* YOUR TASK *
Please write out all the data that follows exactly, without the pictures.

* DATA PROVIDED *
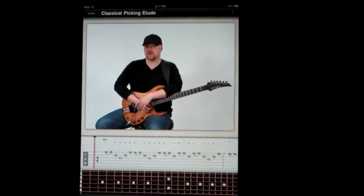Hi, this is Dave Reffitt. Today's lick is a classically inspired B minor picking etude.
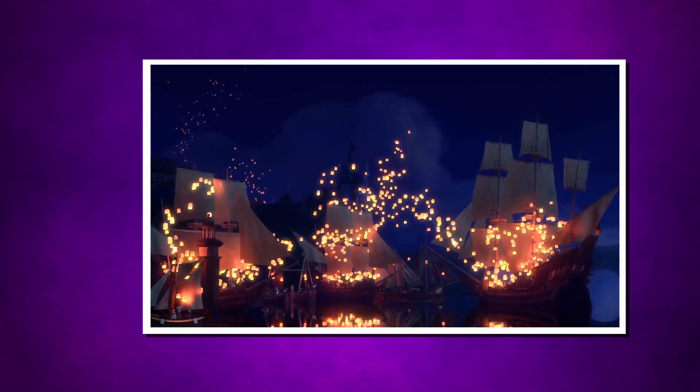Have you ever seen the floating lanterns in Disney's Tangled and wondered how they work? Today we're gonna learn all about the lanterns from Tangled and what makes them float. And the answer might not be what you'd expect.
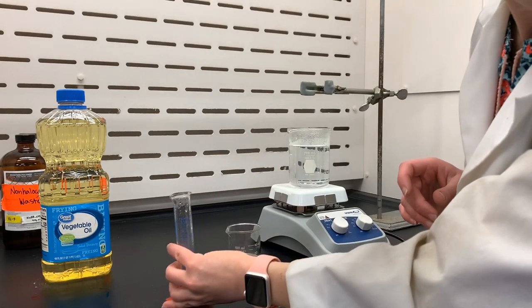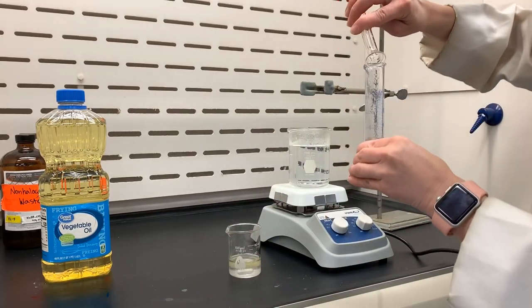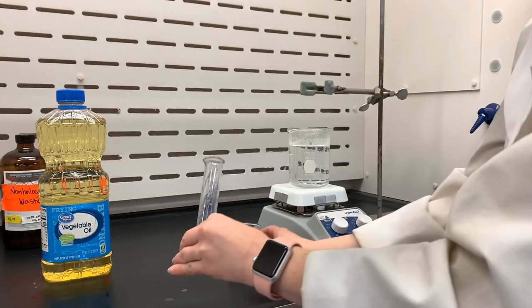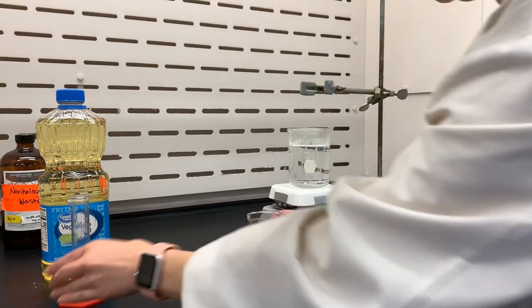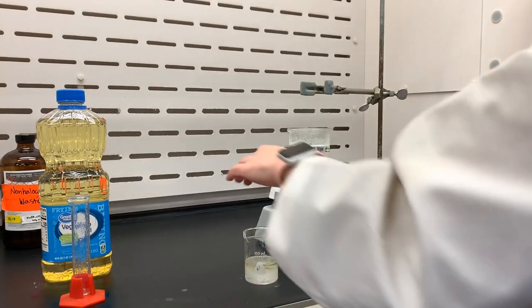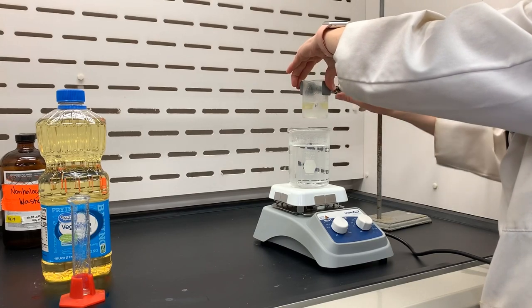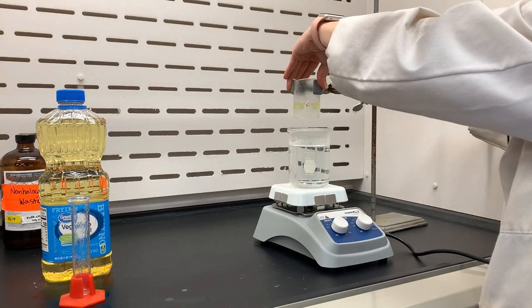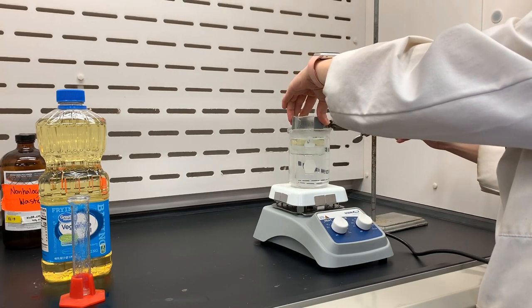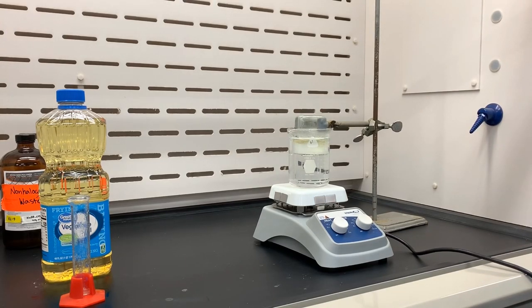And then ethanol. I used ethanol to rinse the graduated cylinder as well. Once all of that is poured into the beaker, the beaker can then be put into the hot water bath where the level of the reaction liquid is just at or below the hot water to make sure that it's fully heating. And you want it to be stirring too, to make sure that the two layers can be mixed together while the reaction is proceeding.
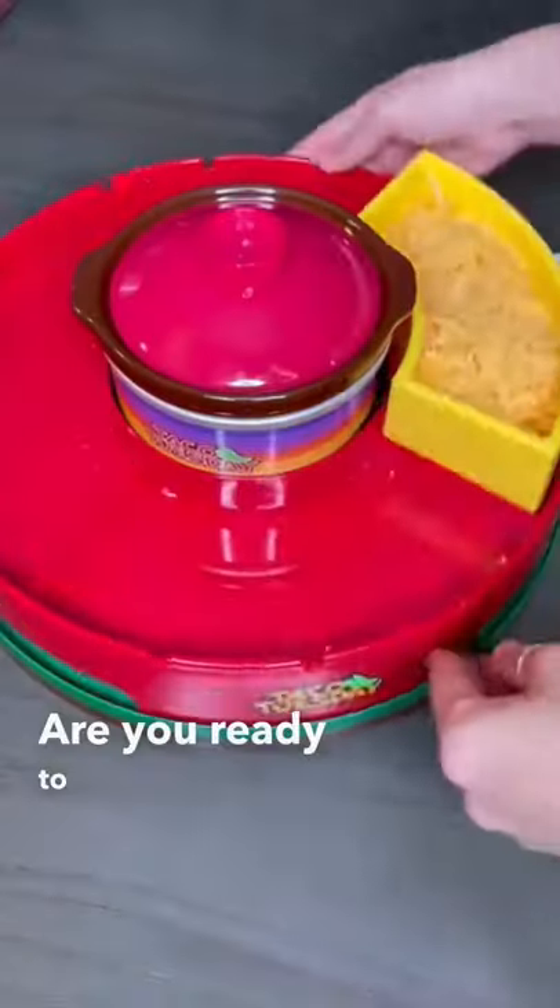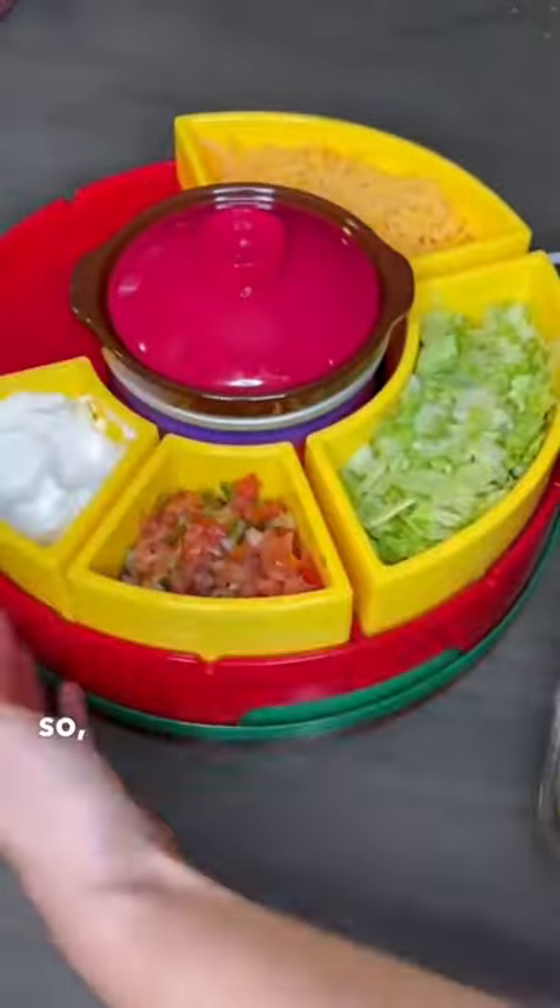Our favorite kitchen finds. Are you ready to level up your Taco Tuesday game? If so, check out this Lazy Susan.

* YOUR RESPONSE *
Hi, this is Dave Reffitt. Today's lick is a classically inspired B minor picking etude.
Have you ever seen the floating lanterns in Disney's Tangled and wondered how they work? Today we're gonna learn all about the lanterns from Tangled and what makes them float. And the answer might not be what you'd expect.
And then ethanol. I used ethanol to rinse the graduated cylinder as well. Once all of that is poured into the beaker, the beaker can then be put into the hot water bath where the level of the reaction liquid is just at or below the hot water to make sure that it's fully heating. And you want it to be stirring too, to make sure that the two layers can be mixed together while the reaction is proceeding.
Our favorite kitchen finds. Are you ready to level up your Taco Tuesday game? If so, check out this Lazy Susan.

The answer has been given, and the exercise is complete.